▸ Work instructions
Verbatim copy, images omitted: return the full listing.

▸ Exercise data
---*---

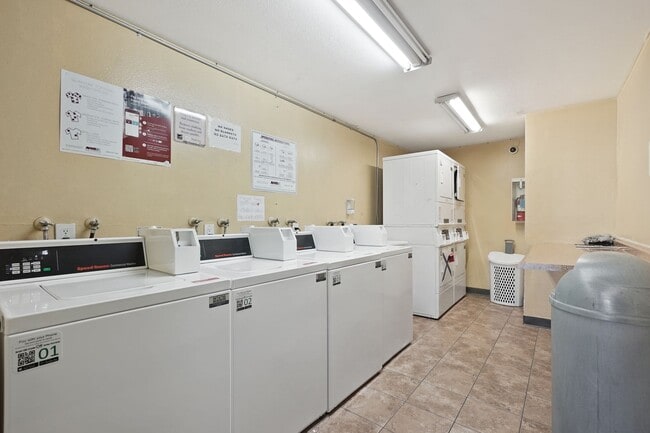 Foto del edificio - Updated 1BD/1BA Apartment in well maintain...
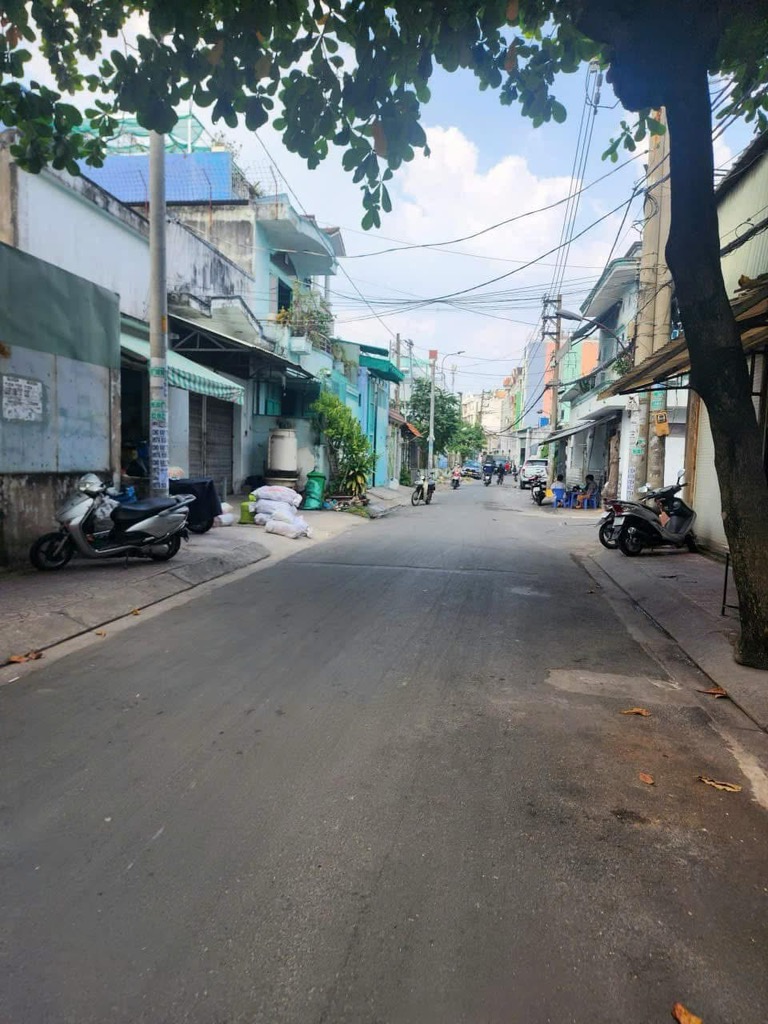 BÁN NHÀ HƯƠNG LỘ 2 - NGÃ TƯ BỐN XÃ - BÌNH TÂN - 4 X 8M - HẺM XE HƠI THÔNG - NHỈNH 3 TỈ - Ảnh 2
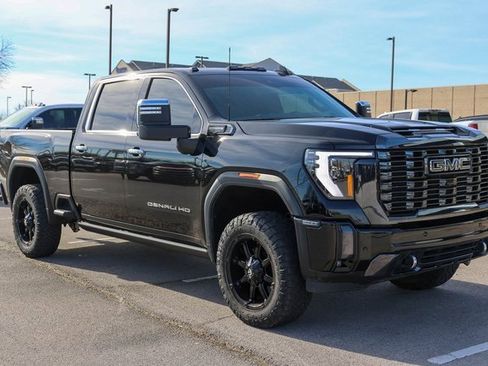 Used 2024 GMC Sierra 2500 Denali Ultimate image 1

---*---

▸ Result
 Foto del edificio - Updated 1BD/1BA Apartment in well maintain...
 BÁN NHÀ HƯƠNG LỘ 2 - NGÃ TƯ BỐN XÃ - BÌNH TÂN - 4 X 8M - HẺM XE HƠI THÔNG - NHỈNH 3 TỈ - Ảnh 2
 Used 2024 GMC Sierra 2500 Denali Ultimate image 1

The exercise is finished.